Rajneesh Suri, PhD, Vice Dean for Research and Strategic Partnerships, LeBow College of Business, Drexel University

The application of neuroscience and neuroengineering approaches to the study of product marketing is a new research area at the intersection of neuromarketing, neuroeconomics and consumer neuroscience. This emerging multidisciplinary field aims to better understand consumers and their interaction with products and services beyond the traditional self-report surveys and articulated responses from focus groups.

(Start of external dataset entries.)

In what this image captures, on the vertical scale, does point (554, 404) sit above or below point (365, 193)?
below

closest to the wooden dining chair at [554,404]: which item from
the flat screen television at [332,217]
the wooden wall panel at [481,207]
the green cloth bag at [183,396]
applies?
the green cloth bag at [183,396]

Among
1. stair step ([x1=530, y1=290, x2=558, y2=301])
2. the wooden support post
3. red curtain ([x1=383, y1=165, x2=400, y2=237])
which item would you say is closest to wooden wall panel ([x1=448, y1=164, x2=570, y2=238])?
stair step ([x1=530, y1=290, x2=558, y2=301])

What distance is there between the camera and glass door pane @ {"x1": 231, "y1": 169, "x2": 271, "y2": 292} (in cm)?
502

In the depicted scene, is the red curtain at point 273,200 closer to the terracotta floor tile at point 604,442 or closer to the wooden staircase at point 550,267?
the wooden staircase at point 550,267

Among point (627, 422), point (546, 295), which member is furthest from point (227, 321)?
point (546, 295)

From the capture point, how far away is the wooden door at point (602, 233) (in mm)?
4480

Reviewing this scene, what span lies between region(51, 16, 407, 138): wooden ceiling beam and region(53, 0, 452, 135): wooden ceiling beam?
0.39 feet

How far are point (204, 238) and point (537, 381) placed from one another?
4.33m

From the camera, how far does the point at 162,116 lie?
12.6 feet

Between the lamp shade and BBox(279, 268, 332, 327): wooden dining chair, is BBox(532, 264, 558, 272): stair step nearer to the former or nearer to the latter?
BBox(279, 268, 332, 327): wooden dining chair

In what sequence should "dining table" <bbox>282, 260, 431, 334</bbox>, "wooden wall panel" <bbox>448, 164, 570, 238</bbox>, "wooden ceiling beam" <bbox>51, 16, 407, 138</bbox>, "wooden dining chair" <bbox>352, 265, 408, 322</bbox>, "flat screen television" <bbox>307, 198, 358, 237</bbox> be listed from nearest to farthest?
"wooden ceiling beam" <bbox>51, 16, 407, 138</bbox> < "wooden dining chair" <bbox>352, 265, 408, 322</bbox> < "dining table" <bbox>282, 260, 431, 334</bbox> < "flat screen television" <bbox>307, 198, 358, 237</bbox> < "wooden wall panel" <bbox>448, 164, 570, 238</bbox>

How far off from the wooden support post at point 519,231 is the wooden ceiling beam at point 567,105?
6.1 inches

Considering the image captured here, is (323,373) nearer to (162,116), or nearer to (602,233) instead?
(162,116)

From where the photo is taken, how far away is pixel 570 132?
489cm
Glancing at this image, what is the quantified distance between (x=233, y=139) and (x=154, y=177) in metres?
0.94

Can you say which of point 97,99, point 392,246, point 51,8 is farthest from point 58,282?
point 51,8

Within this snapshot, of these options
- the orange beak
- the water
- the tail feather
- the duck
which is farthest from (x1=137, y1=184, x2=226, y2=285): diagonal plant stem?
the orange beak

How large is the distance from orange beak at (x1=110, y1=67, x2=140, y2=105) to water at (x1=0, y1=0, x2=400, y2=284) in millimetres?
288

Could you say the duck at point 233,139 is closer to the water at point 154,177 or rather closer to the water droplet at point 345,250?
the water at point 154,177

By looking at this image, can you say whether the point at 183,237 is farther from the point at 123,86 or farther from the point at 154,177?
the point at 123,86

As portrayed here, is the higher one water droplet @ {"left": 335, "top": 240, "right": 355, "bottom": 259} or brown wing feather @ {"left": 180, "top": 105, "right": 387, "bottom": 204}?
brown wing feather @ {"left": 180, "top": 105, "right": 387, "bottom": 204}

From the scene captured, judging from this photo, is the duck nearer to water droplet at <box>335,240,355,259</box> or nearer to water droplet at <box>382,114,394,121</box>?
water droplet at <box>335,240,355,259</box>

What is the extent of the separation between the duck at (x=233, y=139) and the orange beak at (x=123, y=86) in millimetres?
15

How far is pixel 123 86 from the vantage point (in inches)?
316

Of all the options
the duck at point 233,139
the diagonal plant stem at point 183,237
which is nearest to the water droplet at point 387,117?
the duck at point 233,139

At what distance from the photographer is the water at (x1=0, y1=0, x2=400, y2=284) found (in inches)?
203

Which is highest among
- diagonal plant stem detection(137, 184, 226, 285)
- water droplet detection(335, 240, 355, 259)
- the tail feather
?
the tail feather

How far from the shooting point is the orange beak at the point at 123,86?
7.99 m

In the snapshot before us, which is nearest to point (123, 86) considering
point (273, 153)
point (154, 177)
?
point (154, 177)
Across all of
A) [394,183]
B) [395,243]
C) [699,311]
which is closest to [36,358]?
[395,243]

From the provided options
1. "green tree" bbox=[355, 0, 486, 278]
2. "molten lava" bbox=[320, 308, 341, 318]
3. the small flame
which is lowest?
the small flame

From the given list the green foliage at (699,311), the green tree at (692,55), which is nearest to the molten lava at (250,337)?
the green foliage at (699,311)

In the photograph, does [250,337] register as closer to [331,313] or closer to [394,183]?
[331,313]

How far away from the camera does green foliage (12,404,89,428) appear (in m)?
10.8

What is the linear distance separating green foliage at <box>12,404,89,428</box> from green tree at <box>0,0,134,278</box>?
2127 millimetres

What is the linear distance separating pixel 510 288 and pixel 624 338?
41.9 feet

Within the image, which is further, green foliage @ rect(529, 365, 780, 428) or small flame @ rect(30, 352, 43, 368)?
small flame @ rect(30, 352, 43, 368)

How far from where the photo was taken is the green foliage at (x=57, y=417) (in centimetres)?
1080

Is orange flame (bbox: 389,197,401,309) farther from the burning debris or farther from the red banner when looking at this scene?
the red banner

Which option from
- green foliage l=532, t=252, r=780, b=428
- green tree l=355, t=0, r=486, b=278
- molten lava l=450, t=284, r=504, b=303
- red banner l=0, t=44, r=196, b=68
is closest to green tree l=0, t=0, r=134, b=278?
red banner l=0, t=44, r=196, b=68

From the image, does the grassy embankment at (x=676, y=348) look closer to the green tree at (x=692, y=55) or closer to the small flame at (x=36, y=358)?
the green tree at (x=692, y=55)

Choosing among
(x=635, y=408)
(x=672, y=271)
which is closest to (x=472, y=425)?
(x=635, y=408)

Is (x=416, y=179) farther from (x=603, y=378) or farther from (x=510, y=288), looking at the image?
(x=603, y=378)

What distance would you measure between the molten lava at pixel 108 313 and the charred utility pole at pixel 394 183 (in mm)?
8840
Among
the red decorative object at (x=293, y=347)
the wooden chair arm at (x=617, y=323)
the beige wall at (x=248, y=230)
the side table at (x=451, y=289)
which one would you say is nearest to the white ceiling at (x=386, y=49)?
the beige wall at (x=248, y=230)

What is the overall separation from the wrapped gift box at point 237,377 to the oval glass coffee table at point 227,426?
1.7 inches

Consumers make decisions every day, especially when deciding what food products to purchase or consume, yet little is known about how promotions and preparation effects those decisions. Knowing the main factors that influence consumers’ food and drink choices provides important information for better understanding factors that affect consumers’ preferences and purchase decisions. Currently, there is a disparity between consumer attitudes and actual purchasing behavior and better understanding the factors influencing consumer preferences could lead to better success of products in the market. Using a new generation of wearable and portable neuroimaging sensors, brain activity can be monitored and used to analyze how consumers respond to product communications (e. g. ads, websites, packaging), engage with the products (e. g. use or consume) and how these affect consumer preferences in general. With traditional self-reported measures, consumers may not be able to fully articulate their preferences. Therefore, use of objective measures could complement self-reported measures to provide a richer more in-depth analysis of consumer decision making and preferences.

In this proposal, the goal is to take a neuroergonomics approach and dovetail traditional self-reported approaches with objective neural measures to better understand consumer tendencies and preferences and how they affect their consumption behavior. The proposed thesis will provide several novel contributions to the knowledge base that can further consumer neuroscience research. First, we investigated the effect of machine user interface on consumer experience. We chose coffee machines that are an integral part of everyday tasks and office life. In a neuroergonomic study, we investigated two competing coffee machine interfaces, while users prepared and consumed hot drinks in a realistic office setting while continuously monitored with wireless brain and body sensors. Next, we investigated the effect of product presentation on consumer experience. In a controlled multi-day study, we explored product promotions and how they influence consumer preference and consumption of hot beverage products. Products that promote health benefits are becoming more popular in the past few years. By understanding how promoting a product with personal benefits influences consumer preferences will help better inform marketers of the impact of this trend. Lastly, we will investigate the role of advertisements on product likeability and how they affect consumption behavior. The findings of this research will further enhance the understanding of how different types of promotions and user interfaces affect how consumers view products and eventually influence their purchasing behavior.